Defendant includes a cursory reference to the Eighth Amendment's bar on deliberate indifference to prison inmates in his arguments for compassionate release. U.S. Const. amend. VIII. (ECF No. 302, PageID.3303-04.) Although in no way relevant to compassionate analysis under 18 U.S.C. § 3582(c)(1)(A), the court notes that a deliberate indifference claim under the Eighth Amendment, if it were to be brought, would likely fail.
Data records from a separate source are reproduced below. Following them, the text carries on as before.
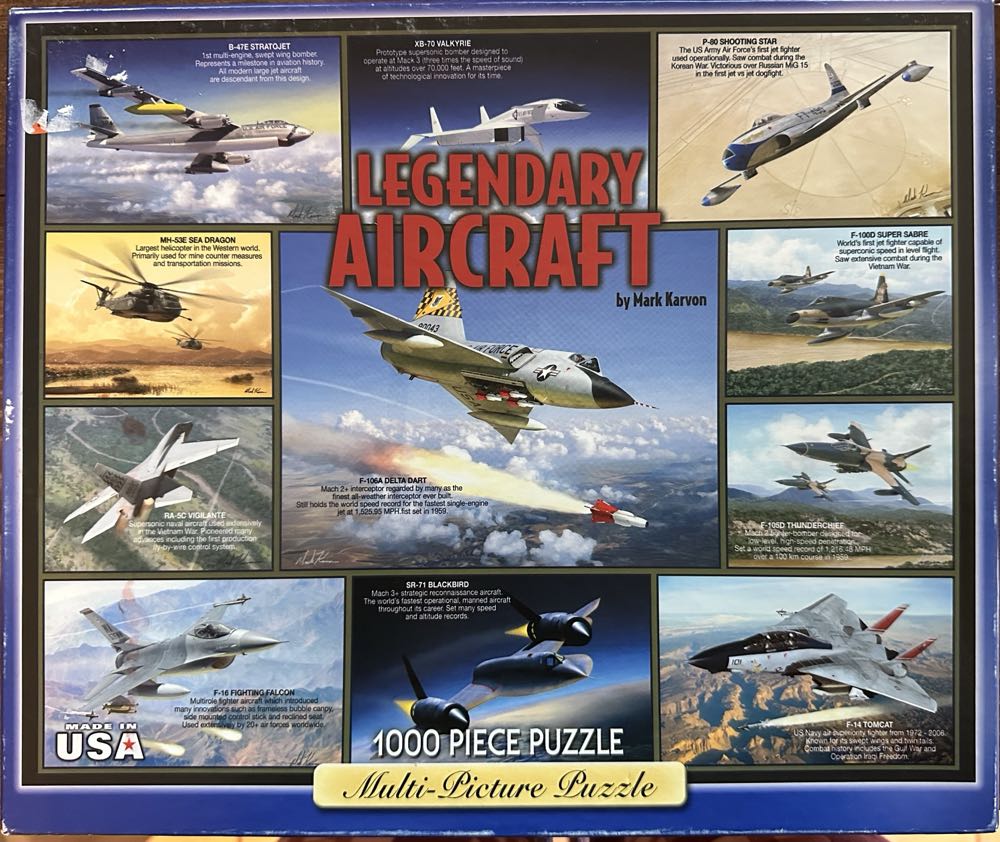 Eurographics: Planets Of The Solar System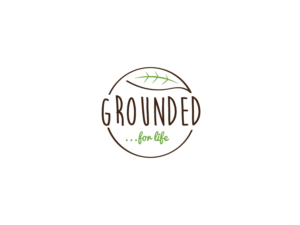 Logo Design by Muhammad Imran 3 for this project | Design: #15988202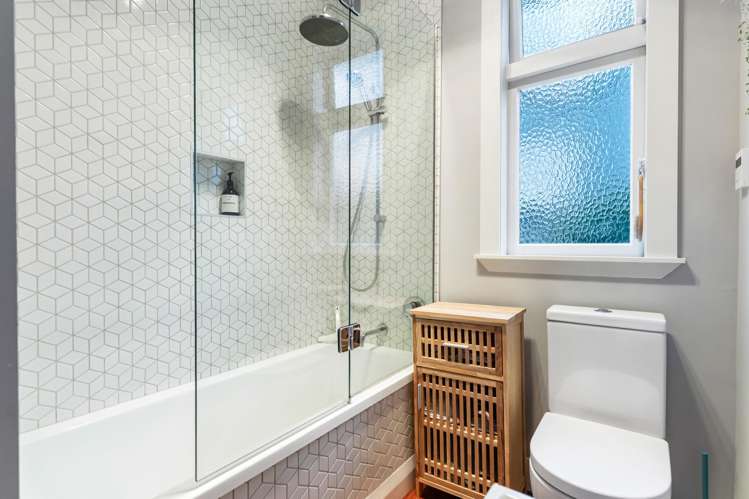 318 Karori Road Karori_18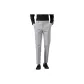 Light Gray Pants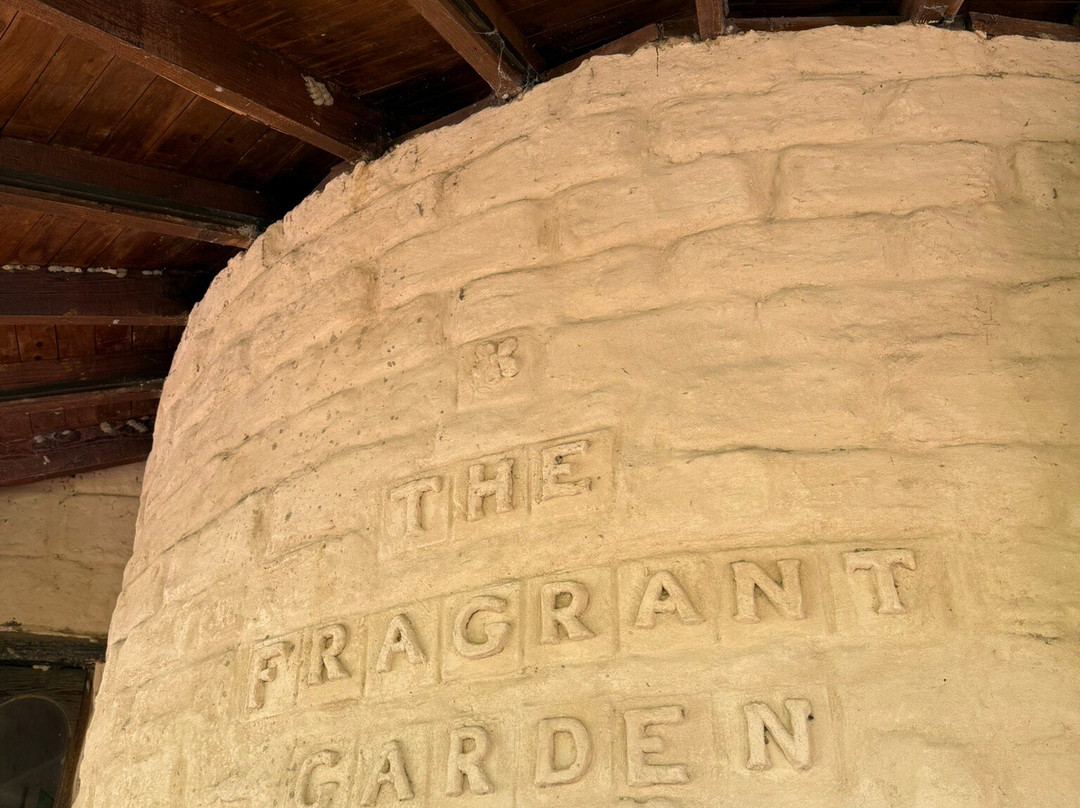 Distillery Botanica-Erina必去景点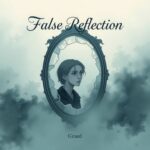 False Reflection by Girard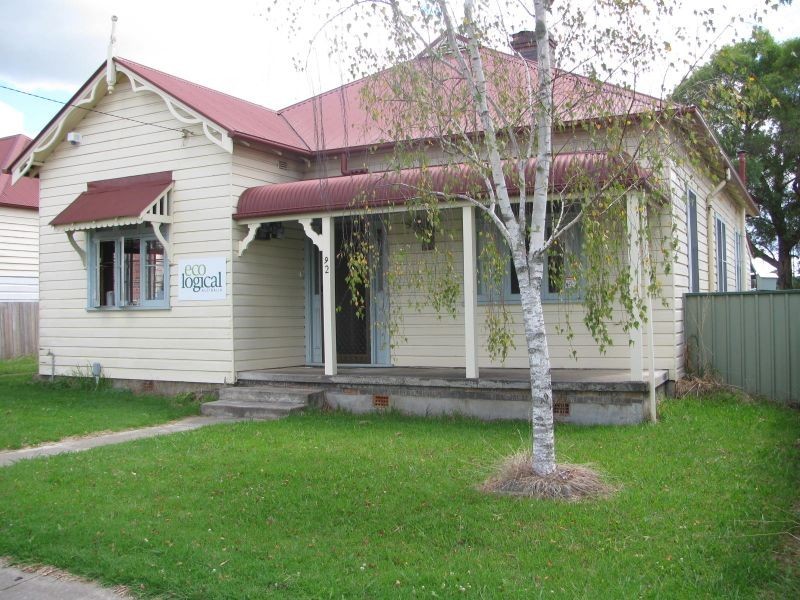 92 Taylor Street, Armidale NSW 2350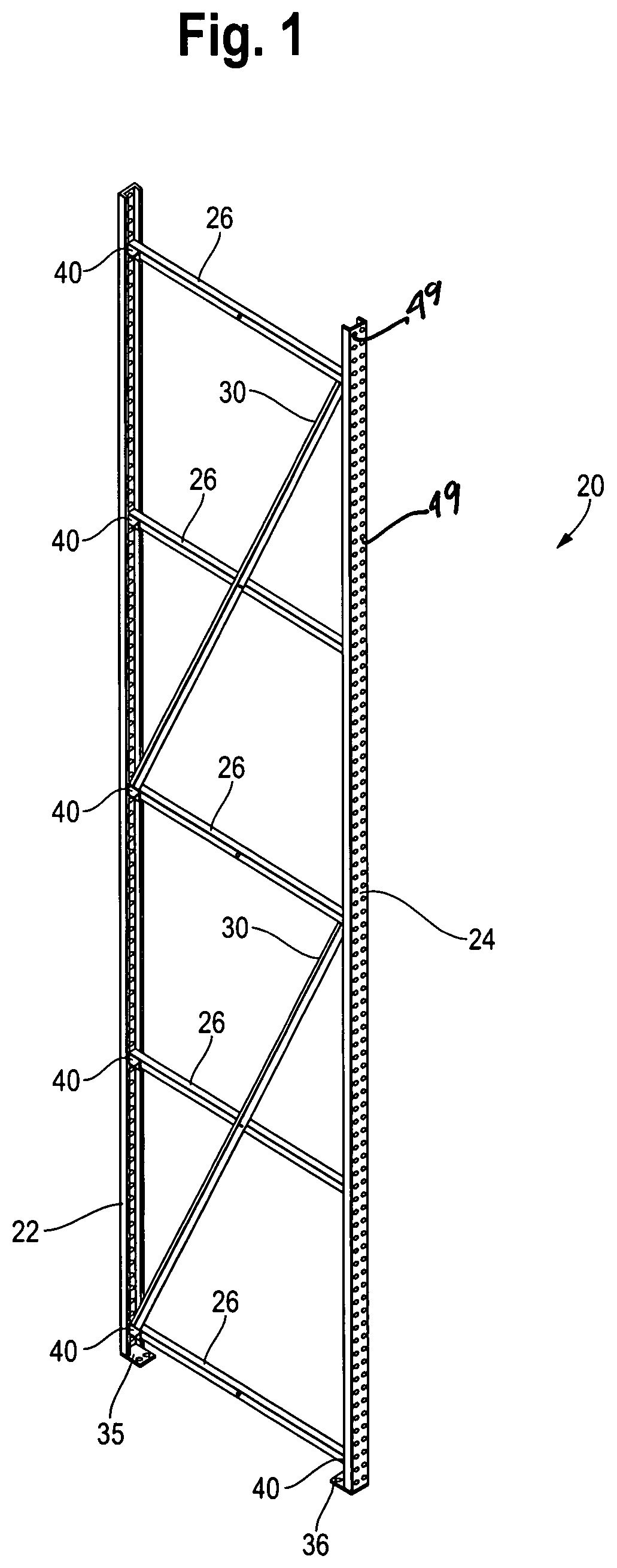 US-7748546-B2 figure 4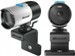 New LifeCam Studio from Microsoft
Government indifference to inmate medical needs can "constitute an unnecessary and wanton infliction of pain or . . . be repugnant to the conscience of mankind," in violation of the Eighth Amendment. Estelle v. Gamble, 429 U.S. 97, 105-06 (1976) (citations removed). To succeed, Defendant must prove both an objective and subjective component. "[A] prison official may be held liable under the Eighth Amendment for denying humane conditions of confinement only if he knows that inmates face a substantial risk of serious harm and disregards that risk by failing to take reasonable measures to abate it." Farmer v. Brennan, 511 U.S. 825, 847 (1994).
For the objective component, Defendant must show "a sufficiently serious medical need," in that he "is incarcerated under conditions imposing a substantial risk of serious harm." Miller v. Calhoun Co., 408 F.3d 803, 812-13 (6th Cir. 2005) (citations removed). "[It] further requires a court to assess whether society considers the risk that the prisoner complains of to be so grave that it violates contemporary standards of decency—that is, it is not one that today's society chooses to tolerate." Villegas, 709 F.3d at 568 (quoting Helling, 509 U.S. at 36 (1993)). For the subjective component, Defendant must prove "a sufficiently culpable state of mind in denying medical care . . . evidenc[ed] [by] deliberateness tantamount to intent to punish." Miller, 408 F.3d at 812-13 (citations removed). "[T]he official must both be aware of facts from which the inference could be drawn that a substantial risk of serious harm exists, and he must also draw the inference." Villegas, 709 F.3d at 569 (quoting Farmer, 511 U.S. at 837).
Defendant need not suffer from a current medical condition to bring a deliberate indifference claim. Inhumane confinement can violate the Eighth Amendment for "sufficiently imminent" future harm. Helling, 509 U.S. at 34. Defendant must prove that he is "expos[ed] . . . to an unreasonable risk of serious harm in the future." Dodson v. Wilkinson, 304 F. App'x 434, 439 (6th Cir. 2008). Defendant must still prove the traditional elements of deliberate indifference. Id. (citing Helling, 509 U.S. at 35) ("A claim of deliberate indifference to future serious harm requires proof of both the objective and subjective elements of an Eighth Amendment claim.").
Defendant's detention in a facility that has implemented extensive precautions to mitigate the spread of COVID-19 and has no confirmed cases of COVID-19 does not violate "contemporary standards of decency" and does not pose "substantial risk of serious harm." Villegas, 709 F.3d at 568; Miller, 408 F.3d at 812-13. This is especially true where the court would only be speculating as to whether Defendant would contract COVID-19 and develop serious symptoms, and whether Defendant would be any safer if released into the public. The government's decision to continue Defendant's detention, despite the existence of COVID-19 in society, does not amount to "deliberateness tantamount to intent to punish." Miller, 408 F.3d at 812-13. Under both the objective and subjective components of deliberate indifference, Defendant's claim would fail. Accordingly,
IT IS ORDERED that Defendant's "Motion for Compassionate Release" (ECF No. 302) is DENIED.
s/Robert H. Cleland /
ROBERT H. CLELAND
UNITED STATES DISTRICT JUDGE Dated: May 18, 2020 I hereby certify that a copy of the foregoing document was mailed to counsel of record on this date, May 18, 2020, by electronic and/or ordinary mail.